[Short descriptive text snippets]
◇ ◇ ◇ ◇ ◇

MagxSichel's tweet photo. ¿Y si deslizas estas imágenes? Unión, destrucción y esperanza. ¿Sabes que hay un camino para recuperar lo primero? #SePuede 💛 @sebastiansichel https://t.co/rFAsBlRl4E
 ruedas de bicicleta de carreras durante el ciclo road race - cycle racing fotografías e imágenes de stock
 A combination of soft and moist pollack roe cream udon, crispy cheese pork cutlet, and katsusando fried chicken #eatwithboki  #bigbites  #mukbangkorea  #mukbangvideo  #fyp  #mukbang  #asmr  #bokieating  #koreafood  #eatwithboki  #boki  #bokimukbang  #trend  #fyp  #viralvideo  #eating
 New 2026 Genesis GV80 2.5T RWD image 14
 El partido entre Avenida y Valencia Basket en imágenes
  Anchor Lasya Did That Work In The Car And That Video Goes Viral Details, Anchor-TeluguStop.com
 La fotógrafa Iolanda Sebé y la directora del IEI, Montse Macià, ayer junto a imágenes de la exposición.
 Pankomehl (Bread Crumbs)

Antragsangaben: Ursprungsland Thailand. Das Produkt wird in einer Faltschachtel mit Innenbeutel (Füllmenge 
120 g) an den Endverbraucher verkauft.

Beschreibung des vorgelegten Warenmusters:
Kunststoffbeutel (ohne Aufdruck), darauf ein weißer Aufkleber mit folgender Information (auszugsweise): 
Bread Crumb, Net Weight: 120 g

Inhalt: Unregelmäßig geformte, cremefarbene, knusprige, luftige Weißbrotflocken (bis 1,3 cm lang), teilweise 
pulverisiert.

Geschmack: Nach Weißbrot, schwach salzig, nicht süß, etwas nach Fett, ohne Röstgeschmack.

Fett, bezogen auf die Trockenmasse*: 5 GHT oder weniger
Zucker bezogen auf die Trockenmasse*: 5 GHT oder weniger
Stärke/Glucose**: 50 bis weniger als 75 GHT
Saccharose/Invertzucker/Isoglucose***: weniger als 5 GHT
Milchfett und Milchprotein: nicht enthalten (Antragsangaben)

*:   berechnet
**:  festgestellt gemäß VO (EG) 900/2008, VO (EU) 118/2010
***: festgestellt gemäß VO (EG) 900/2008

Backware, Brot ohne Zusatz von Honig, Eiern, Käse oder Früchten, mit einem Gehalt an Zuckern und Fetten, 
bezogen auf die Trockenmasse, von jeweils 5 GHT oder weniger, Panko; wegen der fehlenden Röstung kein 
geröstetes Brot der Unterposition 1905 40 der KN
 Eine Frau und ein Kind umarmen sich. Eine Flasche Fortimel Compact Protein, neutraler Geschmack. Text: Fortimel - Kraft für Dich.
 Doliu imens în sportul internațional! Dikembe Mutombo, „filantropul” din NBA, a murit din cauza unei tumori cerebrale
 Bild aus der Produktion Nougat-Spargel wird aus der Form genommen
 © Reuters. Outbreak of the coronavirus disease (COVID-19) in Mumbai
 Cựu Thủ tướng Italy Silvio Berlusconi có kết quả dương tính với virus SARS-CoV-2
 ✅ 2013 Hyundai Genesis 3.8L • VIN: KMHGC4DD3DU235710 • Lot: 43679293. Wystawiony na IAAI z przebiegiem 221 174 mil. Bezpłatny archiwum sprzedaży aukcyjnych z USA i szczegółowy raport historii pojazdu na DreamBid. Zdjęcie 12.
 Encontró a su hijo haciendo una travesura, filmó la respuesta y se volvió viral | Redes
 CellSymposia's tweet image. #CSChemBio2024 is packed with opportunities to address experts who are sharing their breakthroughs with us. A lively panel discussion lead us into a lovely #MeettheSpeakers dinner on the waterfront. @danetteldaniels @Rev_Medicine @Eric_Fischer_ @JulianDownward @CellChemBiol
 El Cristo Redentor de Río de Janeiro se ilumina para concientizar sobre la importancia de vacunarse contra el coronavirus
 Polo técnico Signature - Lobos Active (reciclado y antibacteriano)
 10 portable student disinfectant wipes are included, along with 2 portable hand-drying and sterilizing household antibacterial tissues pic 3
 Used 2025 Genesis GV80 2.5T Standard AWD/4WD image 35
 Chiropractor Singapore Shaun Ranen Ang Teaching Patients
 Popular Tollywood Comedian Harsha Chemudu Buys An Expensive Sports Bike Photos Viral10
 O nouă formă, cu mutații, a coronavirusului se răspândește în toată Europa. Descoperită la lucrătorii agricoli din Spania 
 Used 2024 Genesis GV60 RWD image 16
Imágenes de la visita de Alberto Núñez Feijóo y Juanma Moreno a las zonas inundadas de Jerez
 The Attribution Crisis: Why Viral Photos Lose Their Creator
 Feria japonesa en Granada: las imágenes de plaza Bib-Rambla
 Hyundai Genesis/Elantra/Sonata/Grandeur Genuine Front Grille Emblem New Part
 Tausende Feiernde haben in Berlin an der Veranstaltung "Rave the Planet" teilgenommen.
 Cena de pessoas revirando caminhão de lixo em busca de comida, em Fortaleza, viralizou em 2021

◇ ◇ ◇ ◇ ◇

**WORK TASK**
A complete and exact reproduction of the data is needed.

**ANSWER SECTION**
MagxSichel's tweet photo. ¿Y si deslizas estas imágenes? Unión, destrucción y esperanza. ¿Sabes que hay un camino para recuperar lo primero? #SePuede 💛 @sebastiansichel https://t.co/rFAsBlRl4E
 ruedas de bicicleta de carreras durante el ciclo road race - cycle racing fotografías e imágenes de stock
 A combination of soft and moist pollack roe cream udon, crispy cheese pork cutlet, and katsusando fried chicken #eatwithboki  #bigbites  #mukbangkorea  #mukbangvideo  #fyp  #mukbang  #asmr  #bokieating  #koreafood  #eatwithboki  #boki  #bokimukbang  #trend  #fyp  #viralvideo  #eating
 New 2026 Genesis GV80 2.5T RWD image 14
 El partido entre Avenida y Valencia Basket en imágenes
  Anchor Lasya Did That Work In The Car And That Video Goes Viral Details, Anchor-TeluguStop.com
 La fotógrafa Iolanda Sebé y la directora del IEI, Montse Macià, ayer junto a imágenes de la exposición.
 Pankomehl (Bread Crumbs)

Antragsangaben: Ursprungsland Thailand. Das Produkt wird in einer Faltschachtel mit Innenbeutel (Füllmenge 
120 g) an den Endverbraucher verkauft.

Beschreibung des vorgelegten Warenmusters:
Kunststoffbeutel (ohne Aufdruck), darauf ein weißer Aufkleber mit folgender Information (auszugsweise): 
Bread Crumb, Net Weight: 120 g

Inhalt: Unregelmäßig geformte, cremefarbene, knusprige, luftige Weißbrotflocken (bis 1,3 cm lang), teilweise 
pulverisiert.

Geschmack: Nach Weißbrot, schwach salzig, nicht süß, etwas nach Fett, ohne Röstgeschmack.

Fett, bezogen auf die Trockenmasse*: 5 GHT oder weniger
Zucker bezogen auf die Trockenmasse*: 5 GHT oder weniger
Stärke/Glucose**: 50 bis weniger als 75 GHT
Saccharose/Invertzucker/Isoglucose***: weniger als 5 GHT
Milchfett und Milchprotein: nicht enthalten (Antragsangaben)

*:   berechnet
**:  festgestellt gemäß VO (EG) 900/2008, VO (EU) 118/2010
***: festgestellt gemäß VO (EG) 900/2008

Backware, Brot ohne Zusatz von Honig, Eiern, Käse oder Früchten, mit einem Gehalt an Zuckern und Fetten, 
bezogen auf die Trockenmasse, von jeweils 5 GHT oder weniger, Panko; wegen der fehlenden Röstung kein 
geröstetes Brot der Unterposition 1905 40 der KN
 Eine Frau und ein Kind umarmen sich. Eine Flasche Fortimel Compact Protein, neutraler Geschmack. Text: Fortimel - Kraft für Dich.
 Doliu imens în sportul internațional! Dikembe Mutombo, „filantropul” din NBA, a murit din cauza unei tumori cerebrale
 Bild aus der Produktion Nougat-Spargel wird aus der Form genommen
 © Reuters. Outbreak of the coronavirus disease (COVID-19) in Mumbai
 Cựu Thủ tướng Italy Silvio Berlusconi có kết quả dương tính với virus SARS-CoV-2
 ✅ 2013 Hyundai Genesis 3.8L • VIN: KMHGC4DD3DU235710 • Lot: 43679293. Wystawiony na IAAI z przebiegiem 221 174 mil. Bezpłatny archiwum sprzedaży aukcyjnych z USA i szczegółowy raport historii pojazdu na DreamBid. Zdjęcie 12.
 Encontró a su hijo haciendo una travesura, filmó la respuesta y se volvió viral | Redes
 CellSymposia's tweet image. #CSChemBio2024 is packed with opportunities to address experts who are sharing their breakthroughs with us. A lively panel discussion lead us into a lovely #MeettheSpeakers dinner on the waterfront. @danetteldaniels @Rev_Medicine @Eric_Fischer_ @JulianDownward @CellChemBiol
 El Cristo Redentor de Río de Janeiro se ilumina para concientizar sobre la importancia de vacunarse contra el coronavirus
 Polo técnico Signature - Lobos Active (reciclado y antibacteriano)
 10 portable student disinfectant wipes are included, along with 2 portable hand-drying and sterilizing household antibacterial tissues pic 3
 Used 2025 Genesis GV80 2.5T Standard AWD/4WD image 35
 Chiropractor Singapore Shaun Ranen Ang Teaching Patients
 Popular Tollywood Comedian Harsha Chemudu Buys An Expensive Sports Bike Photos Viral10
 O nouă formă, cu mutații, a coronavirusului se răspândește în toată Europa. Descoperită la lucrătorii agricoli din Spania 
 Used 2024 Genesis GV60 RWD image 16
Imágenes de la visita de Alberto Núñez Feijóo y Juanma Moreno a las zonas inundadas de Jerez
 The Attribution Crisis: Why Viral Photos Lose Their Creator
 Feria japonesa en Granada: las imágenes de plaza Bib-Rambla
 Hyundai Genesis/Elantra/Sonata/Grandeur Genuine Front Grille Emblem New Part
 Tausende Feiernde haben in Berlin an der Veranstaltung "Rave the Planet" teilgenommen.
 Cena de pessoas revirando caminhão de lixo em busca de comida, em Fortaleza, viralizou em 2021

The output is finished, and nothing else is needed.